[[ AVAILABLE DATA open ]]
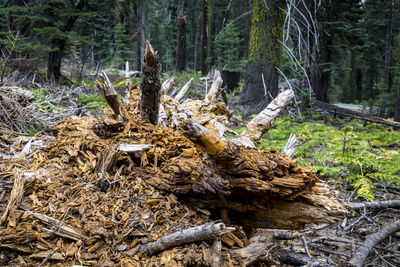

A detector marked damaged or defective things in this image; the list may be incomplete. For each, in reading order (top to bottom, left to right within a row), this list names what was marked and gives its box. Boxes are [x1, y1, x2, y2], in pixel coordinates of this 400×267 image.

splintered wood fragment [95, 71, 131, 121]
splintered wood fragment [139, 41, 161, 125]
splintered wood fragment [176, 79, 195, 101]
splintered wood fragment [205, 70, 223, 104]
splintered wood fragment [234, 89, 294, 149]
splintered wood fragment [0, 171, 23, 225]
splintered wood fragment [27, 213, 86, 242]
splintered wood fragment [141, 221, 234, 256]
splintered wood fragment [348, 220, 400, 267]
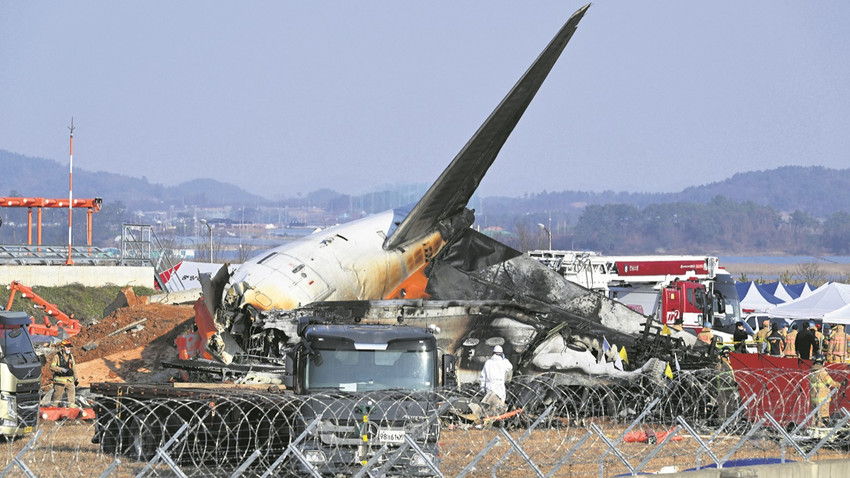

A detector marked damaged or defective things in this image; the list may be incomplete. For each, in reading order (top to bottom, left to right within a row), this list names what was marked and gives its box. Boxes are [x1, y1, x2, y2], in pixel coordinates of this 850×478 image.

crashed aircraft [194, 4, 704, 388]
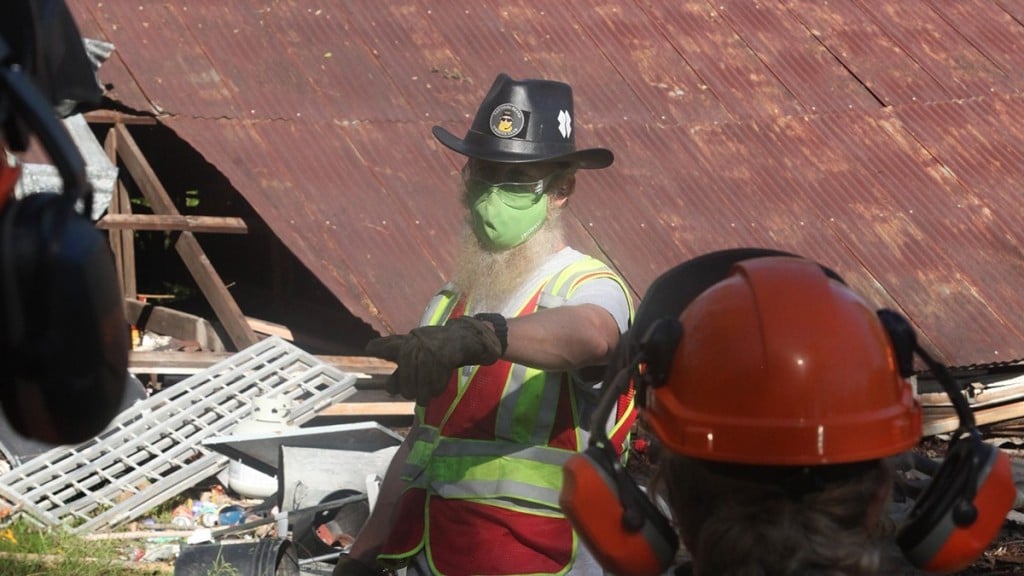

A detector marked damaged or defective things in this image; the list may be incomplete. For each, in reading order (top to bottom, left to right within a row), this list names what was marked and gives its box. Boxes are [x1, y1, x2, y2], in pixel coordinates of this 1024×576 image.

rusty corrugated metal roof [66, 0, 1024, 364]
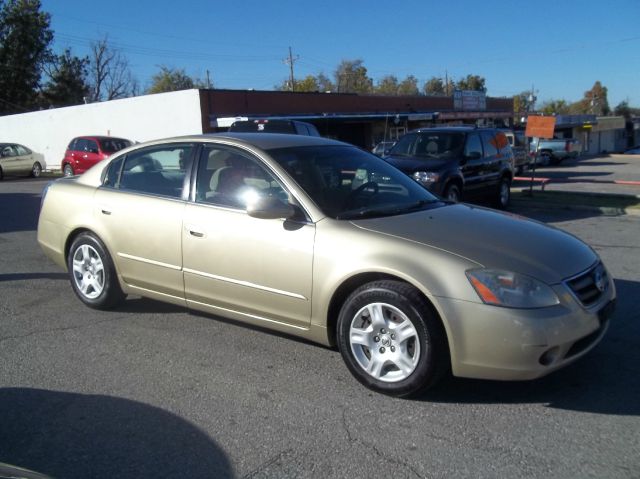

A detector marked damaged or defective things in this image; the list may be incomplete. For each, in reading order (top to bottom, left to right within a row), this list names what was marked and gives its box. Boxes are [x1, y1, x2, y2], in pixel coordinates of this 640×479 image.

pavement crack [0, 316, 130, 344]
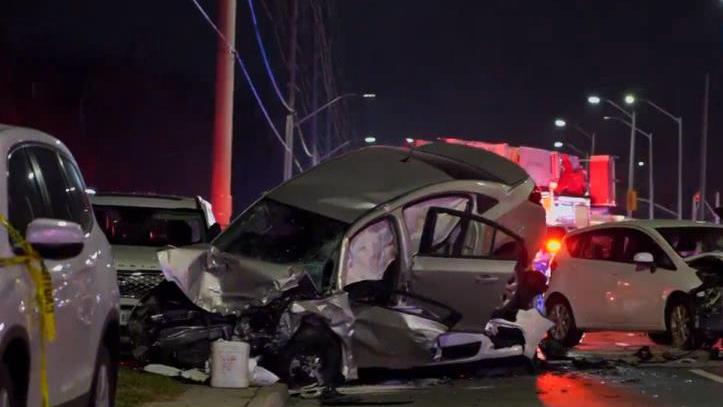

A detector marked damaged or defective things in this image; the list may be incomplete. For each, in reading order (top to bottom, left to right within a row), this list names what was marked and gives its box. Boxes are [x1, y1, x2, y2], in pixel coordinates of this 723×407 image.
[[ AVAILABLE DATA closed ]]
Reproduce the material exactly; omit the pictures.

> _YOUR SOLUTION_:
A detector marked damaged or defective things in this image; the list may be incomplete. For each, in reading order (top to bottom, left to right within a row), this list names what was marked and gives its box. Boxes are [x1, y1, x2, y2], in pixel coordinates of this 400×267 image.

splintered wood fragment [95, 71, 131, 121]
splintered wood fragment [139, 41, 161, 125]
splintered wood fragment [176, 79, 195, 101]
splintered wood fragment [205, 70, 223, 104]
splintered wood fragment [234, 89, 294, 149]
splintered wood fragment [0, 171, 23, 225]
splintered wood fragment [27, 213, 86, 242]
splintered wood fragment [141, 221, 234, 256]
splintered wood fragment [348, 220, 400, 267]

A detector marked damaged or defective things in this image; the list may be incomplete. For each, in reading order (top to bottom, left to right within a row), this list names what was marked and gives its box. Boxes are [x1, y1, x2, y2], in pixel coordinates of this 850×478 image.

crashed aircraft [194, 4, 704, 388]

A detector marked damaged or defective things in this image; the list may be incomplete. For each, in reading order (top to bottom, left to right within a row), this list names what was marked and gives its box. Boxes are [x1, y1, x2, y2], in pixel coordinates of this 1024×576 image.

rusty corrugated metal roof [66, 0, 1024, 364]

A detector marked damaged or defective things in this image; the list may be incomplete. For each, in reading order (top to bottom, left to right within a row), this list names what was marked and gives its box. Boxes are [x1, y1, x2, y2], in pixel coordinates of this 640×479 image.

pavement crack [0, 316, 130, 344]

A detector marked damaged or defective things in this image; the list may be incomplete. For each, in reading order (top to bottom, left to right within a row), this list names what was marked and gives its box. Boxes are [x1, y1, x2, y2], in pixel coordinates of this 723×407 image.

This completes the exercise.